* Dataset extract

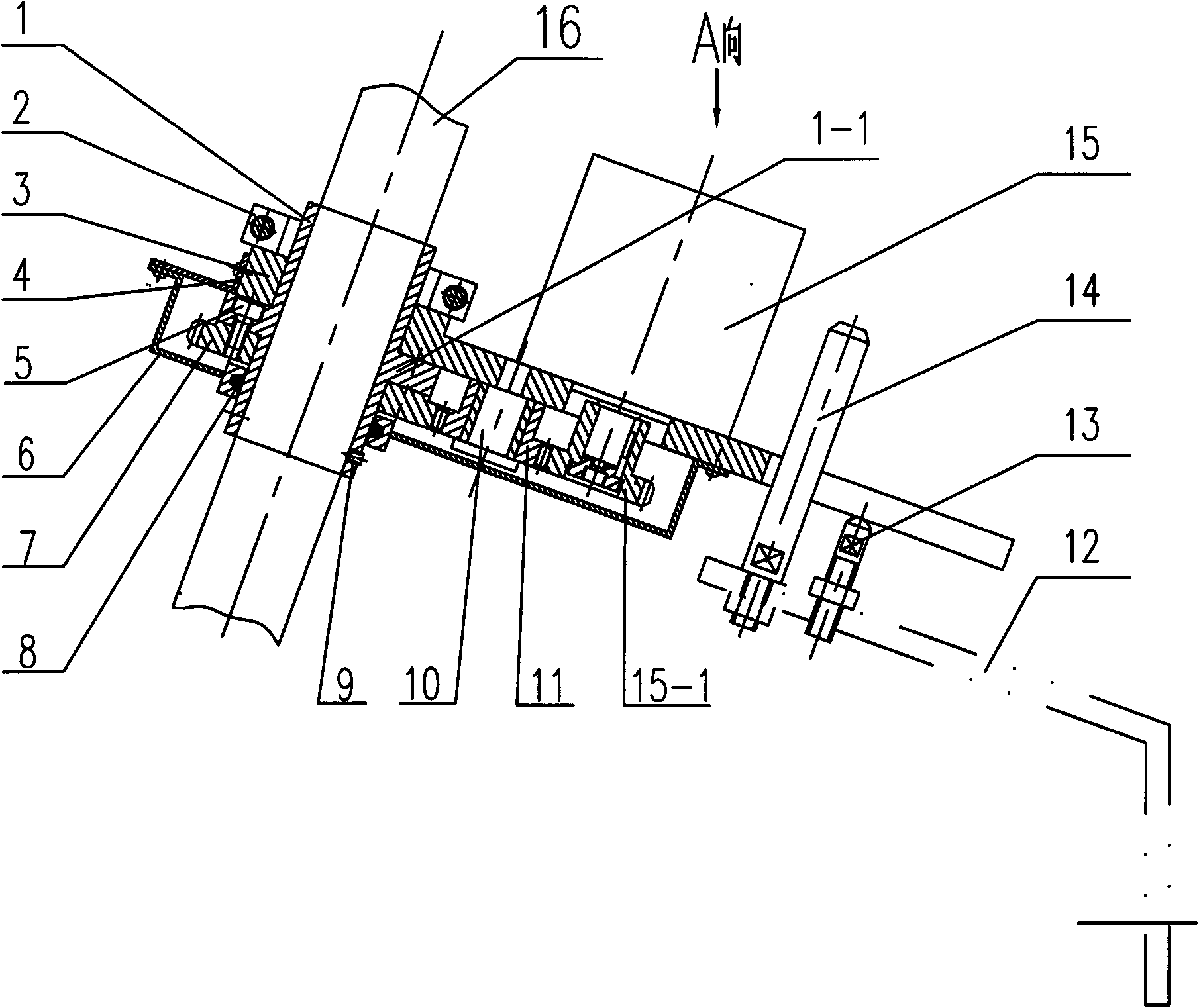 Automatic steering integrated control device of fire engine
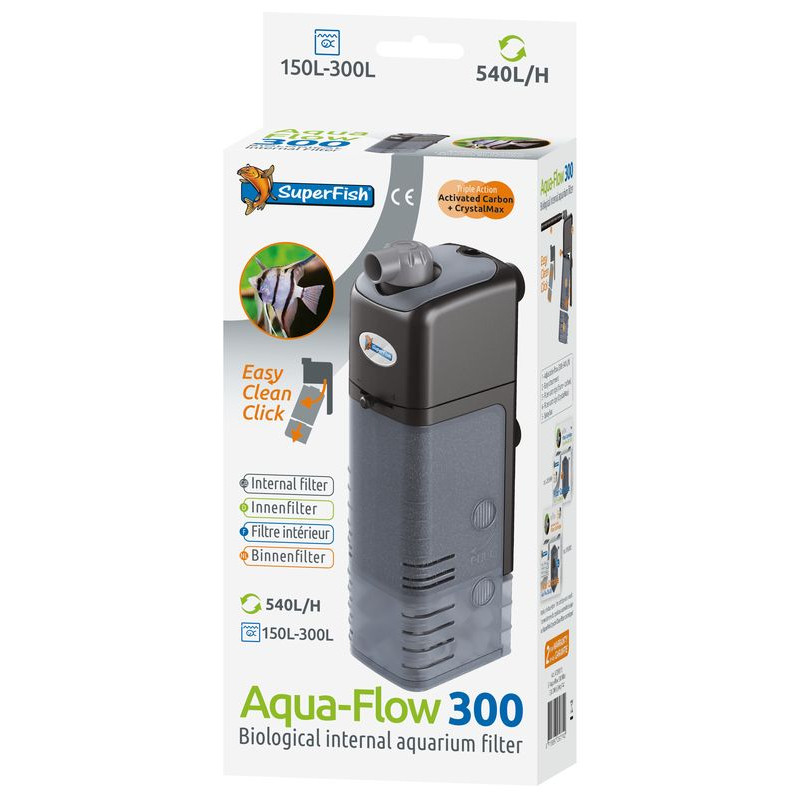 AQUAFLOW 300 FILTRE 540 L/H de Superfish - Aquadistri - accessoires pour aquarium et bassin dans Filtre interieur d'aquarium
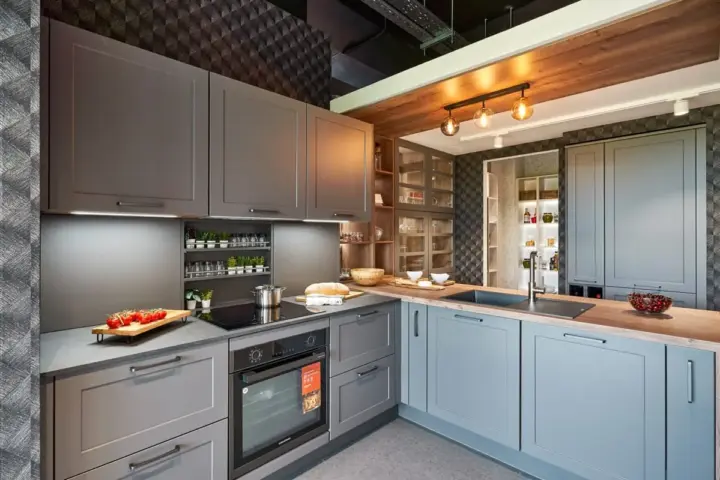 Slate grey studio kitchen - timbercraft dublin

* Exercise requirements
Reproduce the material above in full and without alteration, but skip all pictures.

* Answer to this problem
 Automatic steering integrated control device of fire engine
 AQUAFLOW 300 FILTRE 540 L/H de Superfish - Aquadistri - accessoires pour aquarium et bassin dans Filtre interieur d'aquarium
 Slate grey studio kitchen - timbercraft dublin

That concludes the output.